_AIM OF THE TASK_
Only certain lines below are wanted: those starting at the line containing "long boho necklace" and ending at the line containing "Parental Engagement at", both included, each retyped exactly.

_DATA FOR THIS TASK_
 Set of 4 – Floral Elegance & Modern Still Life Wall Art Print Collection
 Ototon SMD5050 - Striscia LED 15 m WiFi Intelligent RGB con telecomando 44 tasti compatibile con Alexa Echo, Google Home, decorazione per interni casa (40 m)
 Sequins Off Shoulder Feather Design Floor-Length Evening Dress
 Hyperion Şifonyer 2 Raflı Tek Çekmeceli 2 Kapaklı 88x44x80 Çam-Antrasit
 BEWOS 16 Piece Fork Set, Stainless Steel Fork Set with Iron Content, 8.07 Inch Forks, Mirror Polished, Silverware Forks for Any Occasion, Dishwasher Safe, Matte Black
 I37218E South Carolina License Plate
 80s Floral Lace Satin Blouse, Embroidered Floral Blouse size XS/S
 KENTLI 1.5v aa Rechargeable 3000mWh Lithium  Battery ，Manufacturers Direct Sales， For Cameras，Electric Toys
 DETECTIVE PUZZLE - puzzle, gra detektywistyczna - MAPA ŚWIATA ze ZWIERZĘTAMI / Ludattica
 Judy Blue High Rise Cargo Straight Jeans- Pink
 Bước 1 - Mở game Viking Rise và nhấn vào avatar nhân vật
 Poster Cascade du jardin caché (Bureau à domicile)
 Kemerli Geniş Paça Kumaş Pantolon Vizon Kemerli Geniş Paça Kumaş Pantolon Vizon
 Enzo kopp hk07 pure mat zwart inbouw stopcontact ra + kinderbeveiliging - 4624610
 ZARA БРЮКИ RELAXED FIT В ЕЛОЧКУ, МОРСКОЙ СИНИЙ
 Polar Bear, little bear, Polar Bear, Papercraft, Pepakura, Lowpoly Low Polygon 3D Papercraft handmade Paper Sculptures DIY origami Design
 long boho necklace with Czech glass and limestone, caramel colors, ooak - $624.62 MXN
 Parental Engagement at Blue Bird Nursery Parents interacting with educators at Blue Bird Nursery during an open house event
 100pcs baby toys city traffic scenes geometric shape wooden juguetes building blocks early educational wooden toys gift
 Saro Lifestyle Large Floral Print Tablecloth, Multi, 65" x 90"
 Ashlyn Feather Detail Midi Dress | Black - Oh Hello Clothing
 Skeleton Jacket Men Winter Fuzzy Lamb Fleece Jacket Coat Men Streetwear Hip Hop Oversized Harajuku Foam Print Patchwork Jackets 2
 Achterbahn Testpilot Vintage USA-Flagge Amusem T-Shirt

_EXERCISE ANSWER_
 long boho necklace with Czech glass and limestone, caramel colors, ooak - $624.62 MXN
 Parental Engagement at Blue Bird Nursery Parents interacting with educators at Blue Bird Nursery during an open house event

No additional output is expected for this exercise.